Population : 22,5 millions

Président : Bachar al-Assad (Parti Baas)

Groupes ethniques : arabes : arabes syriens, ~88 %;  Druzes, 2 % [500 000]; réfugiés palestiniens, ~1,7 % [400 000]. Non arabes : Kurdes, 9 % [2 millions]; réfugiés irakiens,  1,3 million.

Groupes religieux : musulmans sunnites, 74 %; musulmans chiites, 12 % en tout (y compris les Alaouites [groupe auquel appartient le président Bachar al-Assad], les duodécimains et les ismailiens); chrétiens, 10 %, dont une grande proportion sont des réfugiés palestiniens.

Villes importantes : Alep (2,1 millions d’habitants en 2004, mais plus nombreux maintenant en raison de l’exode rural suivant la sécheresse de 2003); Damas, la capitale (1,5 millions); Homs (653 000); Latakia (384 000); Hama (313 000); Ar-Raqqah (221 000); Deir Ez-Zor (212 000).

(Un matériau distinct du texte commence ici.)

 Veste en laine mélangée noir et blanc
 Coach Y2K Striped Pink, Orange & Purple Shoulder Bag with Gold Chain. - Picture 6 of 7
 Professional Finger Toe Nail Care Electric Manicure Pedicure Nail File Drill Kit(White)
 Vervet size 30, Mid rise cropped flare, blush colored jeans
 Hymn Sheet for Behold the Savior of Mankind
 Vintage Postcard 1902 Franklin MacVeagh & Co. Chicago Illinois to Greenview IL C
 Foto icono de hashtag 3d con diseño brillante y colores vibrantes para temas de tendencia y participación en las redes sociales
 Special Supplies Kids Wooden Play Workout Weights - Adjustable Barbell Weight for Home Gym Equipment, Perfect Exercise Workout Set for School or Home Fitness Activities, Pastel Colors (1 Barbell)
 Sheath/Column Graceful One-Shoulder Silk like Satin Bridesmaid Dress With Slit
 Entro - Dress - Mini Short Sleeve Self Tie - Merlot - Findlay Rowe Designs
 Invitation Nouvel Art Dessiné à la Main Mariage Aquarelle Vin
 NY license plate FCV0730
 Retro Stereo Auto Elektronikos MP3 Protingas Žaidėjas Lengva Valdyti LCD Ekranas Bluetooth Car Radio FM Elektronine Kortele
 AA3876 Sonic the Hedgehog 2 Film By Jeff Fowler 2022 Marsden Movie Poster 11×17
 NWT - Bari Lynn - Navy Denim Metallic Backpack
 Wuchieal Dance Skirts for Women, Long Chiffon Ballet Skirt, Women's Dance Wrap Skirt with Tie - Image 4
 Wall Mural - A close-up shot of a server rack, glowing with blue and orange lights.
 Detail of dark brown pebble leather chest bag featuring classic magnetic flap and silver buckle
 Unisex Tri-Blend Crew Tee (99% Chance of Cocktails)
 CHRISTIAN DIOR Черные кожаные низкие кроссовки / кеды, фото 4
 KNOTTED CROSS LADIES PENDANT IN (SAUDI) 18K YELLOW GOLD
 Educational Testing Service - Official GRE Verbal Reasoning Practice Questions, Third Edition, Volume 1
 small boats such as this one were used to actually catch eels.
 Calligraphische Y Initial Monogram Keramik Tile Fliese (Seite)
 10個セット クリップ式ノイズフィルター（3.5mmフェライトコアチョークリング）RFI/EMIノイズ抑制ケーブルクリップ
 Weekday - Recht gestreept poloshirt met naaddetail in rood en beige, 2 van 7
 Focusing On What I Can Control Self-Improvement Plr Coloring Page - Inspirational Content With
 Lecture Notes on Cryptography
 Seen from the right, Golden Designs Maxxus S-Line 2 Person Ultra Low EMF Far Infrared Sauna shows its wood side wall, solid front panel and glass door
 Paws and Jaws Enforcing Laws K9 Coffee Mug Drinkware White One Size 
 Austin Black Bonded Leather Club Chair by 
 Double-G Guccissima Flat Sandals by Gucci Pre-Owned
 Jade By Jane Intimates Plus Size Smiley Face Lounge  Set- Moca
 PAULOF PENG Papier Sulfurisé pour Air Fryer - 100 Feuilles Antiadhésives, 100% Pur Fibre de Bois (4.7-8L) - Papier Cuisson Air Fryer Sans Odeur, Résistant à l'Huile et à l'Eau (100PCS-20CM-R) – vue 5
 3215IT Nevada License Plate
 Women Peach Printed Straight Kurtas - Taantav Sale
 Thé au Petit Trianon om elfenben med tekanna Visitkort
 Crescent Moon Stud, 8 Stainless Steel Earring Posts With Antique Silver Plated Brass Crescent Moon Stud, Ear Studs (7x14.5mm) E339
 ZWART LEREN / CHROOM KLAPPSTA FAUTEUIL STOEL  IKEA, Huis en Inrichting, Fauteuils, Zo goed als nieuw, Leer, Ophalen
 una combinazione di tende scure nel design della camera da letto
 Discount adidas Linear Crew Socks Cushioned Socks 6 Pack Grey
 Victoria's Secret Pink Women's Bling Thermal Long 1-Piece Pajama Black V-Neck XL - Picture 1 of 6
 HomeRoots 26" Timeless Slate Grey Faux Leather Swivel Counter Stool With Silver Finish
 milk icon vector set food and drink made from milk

Historique des gouvernements :

La Syrie a fait partie de l’Empire Ottoman jusqu’à ce qu’elle passe aux mains des Français après la Seconde Guerre mondiale. Elle a obtenu son indépendance en 1956. Après avoir brièvement formé la République arabe unie avec l’Égypte (de 1958 à 1961), elle est redevenue un pays indépendant à la suite d’un coup d’État militaire. Depuis 1963, elle est sous le règne du parti Baas. En 1970, Hafez al-Assad s’est installé au pouvoir par un coup d’État sans effusion de sang, et y est resté jusqu’à sa mort en 2000. Son fils, Bachar, lui a succédé et est toujours l’homme fort du pays en date d’avril 2012.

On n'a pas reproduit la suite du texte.